Have you heard the one about the two cows? Translating a national image to a global public

Over the years I’ve received various versions of a joke that is basically about foreign perceptions of political and national identities. Every version of this running gag revolves around the theoretical ownership of two cows and gives pithy, if stereotypical, descriptions of what corporations in a wide range of cultures and of differing political persuasions would do with such an asset. Although this endlessly evolving joke has poked fun at the French, German, Chinese, Italian, and American ways of doing things, I am always a bit surprised that a stereotypical Spanish outlook on life and business has never surfaced in the versions I’ve received. It was precisely the absence of a Spanish stereotype in this joke that inspired me to use it as the basis of a writing exercise when I taught English to Spaniards years ago.
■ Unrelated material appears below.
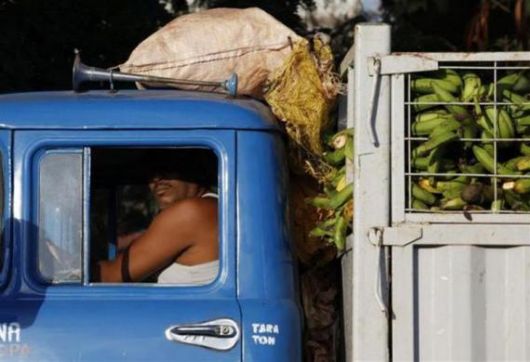 Old Times Cars In CUBA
When a new version recently cropped up in Google+, I scanned the countries mentioned, but Spain still hadn’t made the list. Although new countries such as Australia, New Zealand, and India had been added to the circulating compendium of cultural identities, it appears that the world in general still doesn’t have a clue what a Spanish corporation would do with two cows. Is this important? Well, yes, from a national public relations perspective, it is important. Projecting a positive, coherent, national image abroad lays the groundwork for achieving a wide range of any nation’s foreign policy objectives, from boosting exports to negotiating international treaties.
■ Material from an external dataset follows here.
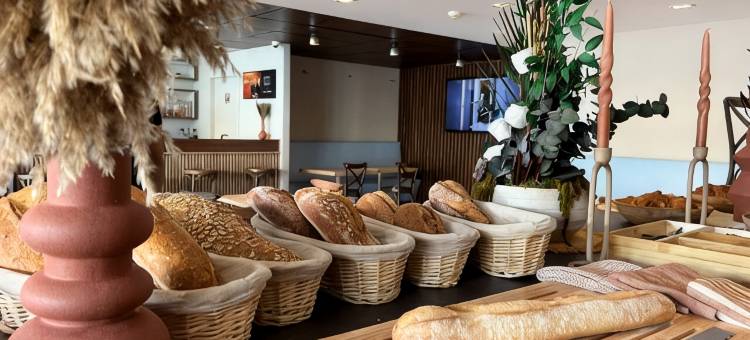 宜必思尚品尼姆中心火车站酒店(ibis Styles Nimes Gare Centre)图片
No country can afford to be lax about its international image in the digital age. The communication potential of the Internet is enormous, and the image that a nation projects beyond its borders is increasingly important in a globalized world. One of the best recent examples of a public relations initiative designed to improve a country’s image abroad is Germany’s “Welcome to Germany, Land of Ideas” campaign. When the city of Frankfurt was chosen to host the 2006 FIFA World Cup, the German government made a conscious decision to use the event to launch a broader national public relations effort designed to do more than promote German sport and tourism; the plan was to utilize the world’s momentary focus on Germany to communicate a radically new image of German society abroad. The time had come to change international perceptions that Germans were inhospitable, ill-humored, brusque, bureaucratic, and arrogant.
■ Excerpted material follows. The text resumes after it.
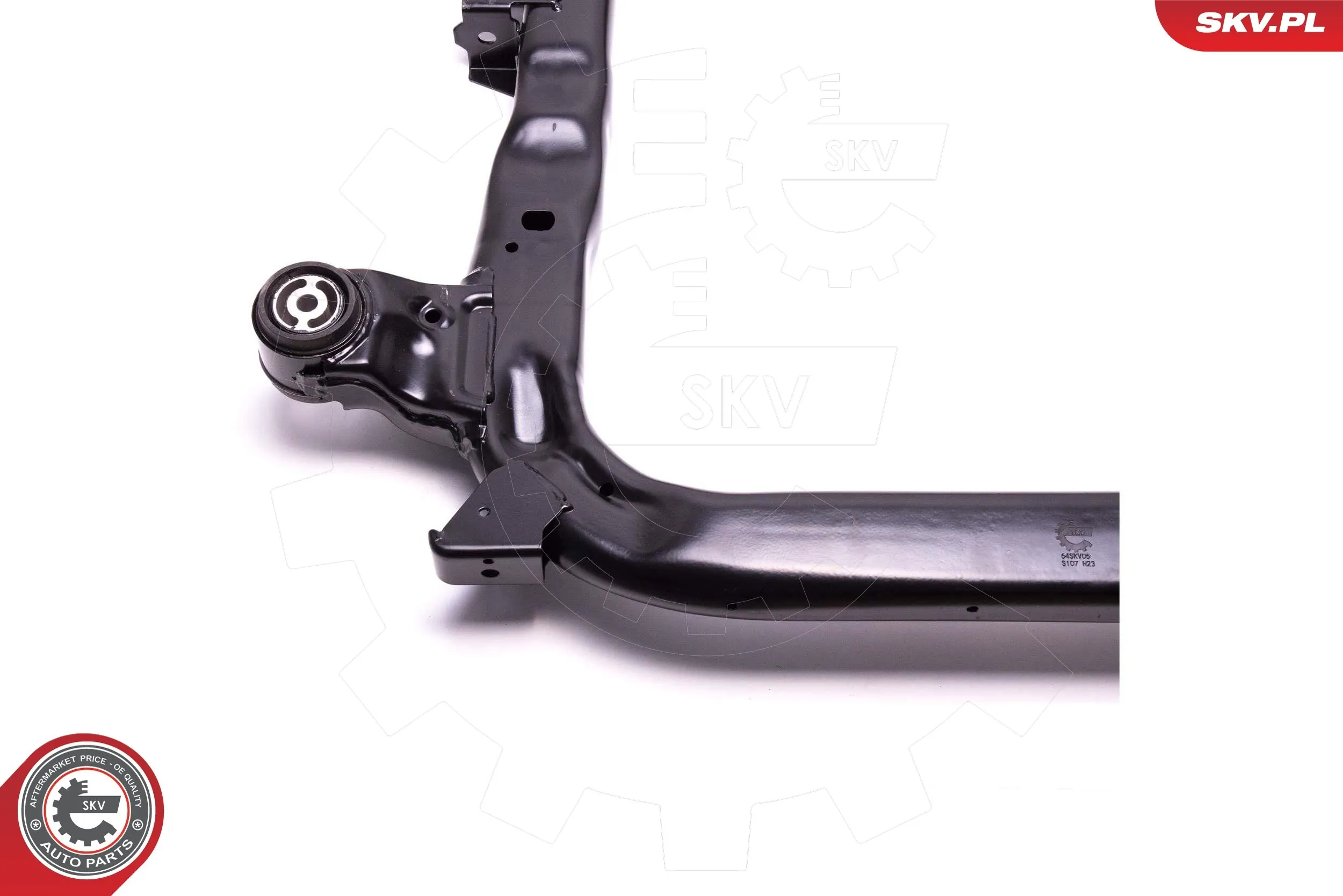 Korpus osi przedniej Saab 9-3 sedana (YS3F) (2002 - 2015) cena, od 243,33 USD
The project engineers (the federal government, the German tourist board, and the local organizing committee) deftly exploited the interactivity of Internet to mobilize all sectors of German society and spur citizen involvement in the process of determining how the country should go about promoting itself. The local organizing committee worked hand in hand with the Ministry of the Interior. From the very start, the campaign was structured as an open process that offered incentives for participating. German embassies all over the world were provided with a marketing kit designed not only to promote tourism in Germany during the World Cup but also to create a more dynamic image of German society abroad. Two years before the event, the German Ministry of Foreign Affairs was given the responsibility for launching a website in nine languages devoted to football in Germany. A program of cultural events  was funded through (I thought I’d faint when I read this) the Nationale DFB Kulturstiftung GmbH—the German football federation’s cultural foundation.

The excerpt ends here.